St. Patrick’s Day national holiday back in Ireland

Trudi and Alan McEntee mix up a batch of Irish stew to serve today to the Clovis-Curry County Chamber of Commerce board of directors. CNJ Staff Photo: Eric Kluth

By Michelle Seeber

Today is St. Patrick’s Day.
That means Mass, international parades, games and other exciting festivities are being held in Ireland.
That’s according to Ireland natives Trudi McEntee and her husband, Alan, financial director of Southwest Cheese, a cheese manufacturing plant that is expected to open next year in Clovis.
The couple said Tuesday the fanfare on St. Patrick’s Day in Ireland resembles that of the festivities celebrated on Thanksgiving or New Year’s Day here.

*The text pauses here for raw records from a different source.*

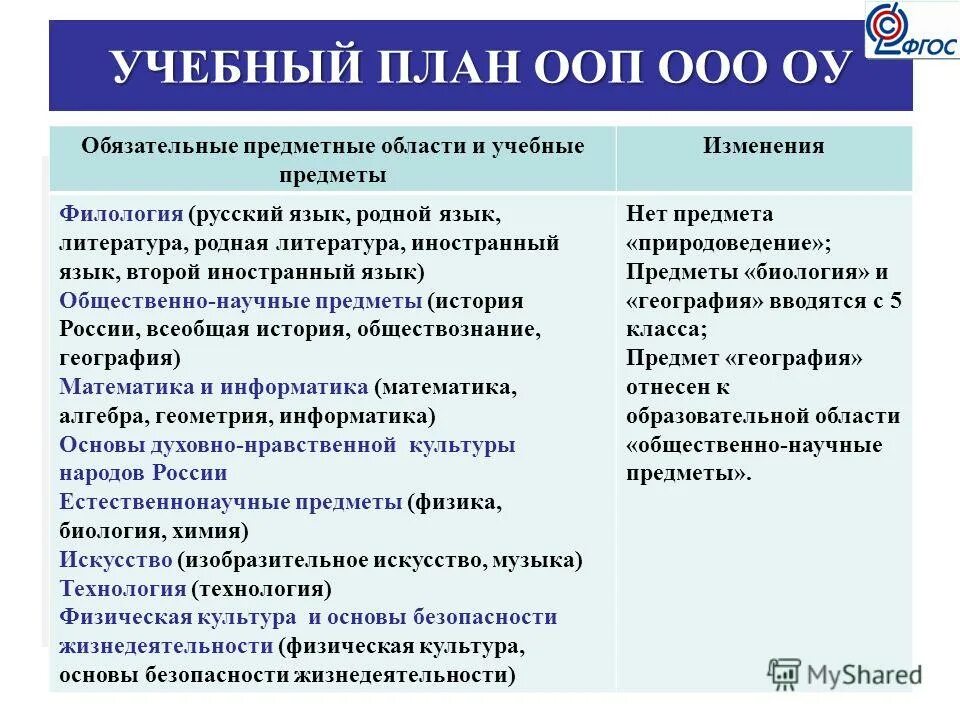 Предметная область ооп. Предметная область ооп. Организационный раздел ооп ооо. Предметные результаты литературное чтение. Предметная область ооп.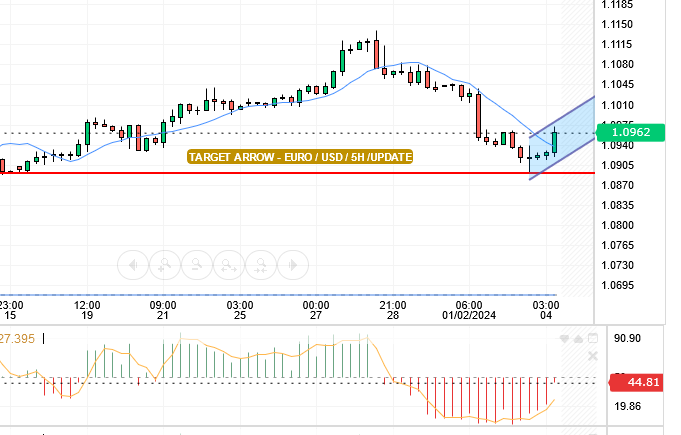 EURO/USD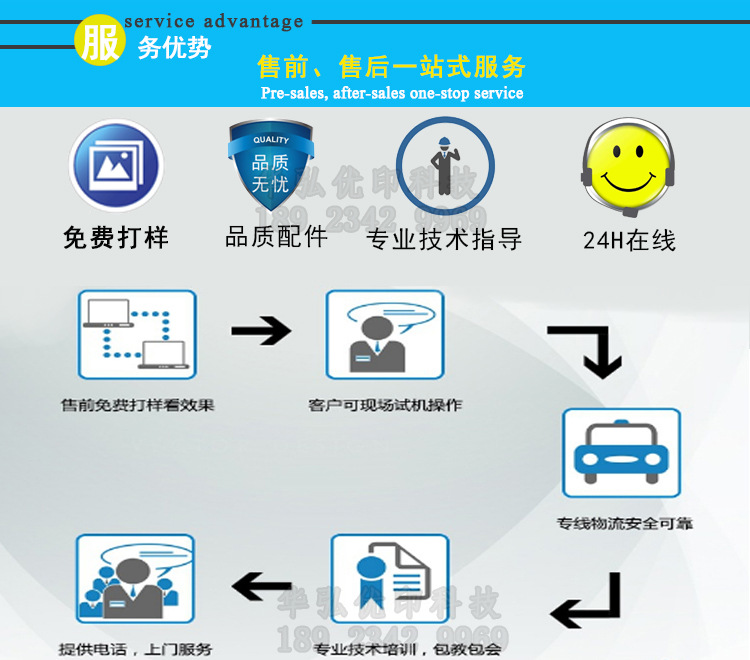 亞克力標牌uv打印機 竹木纖維集成墻面打印機背景墻uv平板打印機示例圖15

“It’s a national holiday in Ireland,” Trudi said. “All commercial activities and schools close, except for hotels and pubs. We refer to it as our feast day.”
The holiday begins with a celebration of Mass.

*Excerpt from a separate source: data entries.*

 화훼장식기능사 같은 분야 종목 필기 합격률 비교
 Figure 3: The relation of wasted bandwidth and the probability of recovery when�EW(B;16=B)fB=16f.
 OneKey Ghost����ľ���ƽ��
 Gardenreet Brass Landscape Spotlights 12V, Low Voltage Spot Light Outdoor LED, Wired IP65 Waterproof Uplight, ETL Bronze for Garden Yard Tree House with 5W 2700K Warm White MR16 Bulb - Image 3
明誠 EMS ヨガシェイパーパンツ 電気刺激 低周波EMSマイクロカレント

“Well-known cathedrals hold Mass with lots of pomp and circumstance,” she said. “Each little church and parish will put out the green, white and gold national flag, as do public buildings.”

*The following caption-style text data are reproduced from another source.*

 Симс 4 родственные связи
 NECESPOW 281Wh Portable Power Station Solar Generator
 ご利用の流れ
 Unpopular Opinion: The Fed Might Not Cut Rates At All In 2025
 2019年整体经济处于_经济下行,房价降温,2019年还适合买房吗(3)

In addition, every big city and most towns hold parades, with the largest one in Dublin, Trudi said.
Ireland President Mary McAleese, the prime minister and government dignitaries attend the parades in Dublin.
Foreign dignitaries from all around the world attend this parade, which brings marching bands and other parade groups from the United States and Canada and other countries. The parade, among other things, features acrobats, cheerleaders, large floats and the best singers and dancers in the world, she said.
Small towns and parishes have their own parades, similar to the United States.
Businesses in these communities have their own floats accompanied by dancers, drama and singing.
“It’s a day when children wear their dance costumes,” Trudi said. “The costumes are very elaborate.”
The parades are a precede to Gaelic football and hurling games, she said.
The two best sports clubs play at the major stadium at Croke Park in Dublin.
“Croke Park is named after Archbishop Croke, patron of the Gaelic Athletic Association,” she said.
The games also are televised.
Evening becomes a celebration of traditional drama, music and singing and dancing, she said.
Alan said the nice dinner often eaten by family members doesn’t include corned beef and cabbage.
“The feast would be like a Christmas dinner,” he said. “My favorite part of the day has always been the sporting aspect of it. Sports is the big thing for me, because my (family) participated in sports in younger years.”
Because St. Patrick’s Day occurs during Lent — the 40 days, not counting the six Sundays between Ash Wednesday and Easter — celebrants are given a dispensation from not drinking, Trudi said.
In celebration of St. Patrick’s Day in Clovis, the couple made Irish stew to serve today to the Clovis Chamber of Commerce board of directors, Trudi said.
The holiday, of course, is to honor St. Patrick, who arrived in Ireland before A.D. 432 as a slave after being kidnapped by pirates.
The shamrock designates the clover leaf St. Patrick used in the hills, where he tended pigs and sheep, to demonstrate to pagans God and the Trinity.
God, Trudi said, was represented by the stem, and the three leaves represented the Son, the Father and the Holy Ghost.
St. Patrick is credited with bringing Catholicism to Ireland.
Between 92 to 98 percent of the country is Catholic, Trudi said.
Ernie Kos, director of the Chamber of Commerce, said the Chamber has been working for about a year now with the McEntees through Southwest Cheese.
A cheese plant in Twin Falls, Idaho, affiliated with the same company that’s building Southwest Cheese in Clovis, has St. Patrick’s Day parades, Kos said.
“We’re hoping to have a parade and festivities on St. Patrick’s Day (in coming years) in association with the cheese plant … in Twin Falls, Idaho,” Kos said.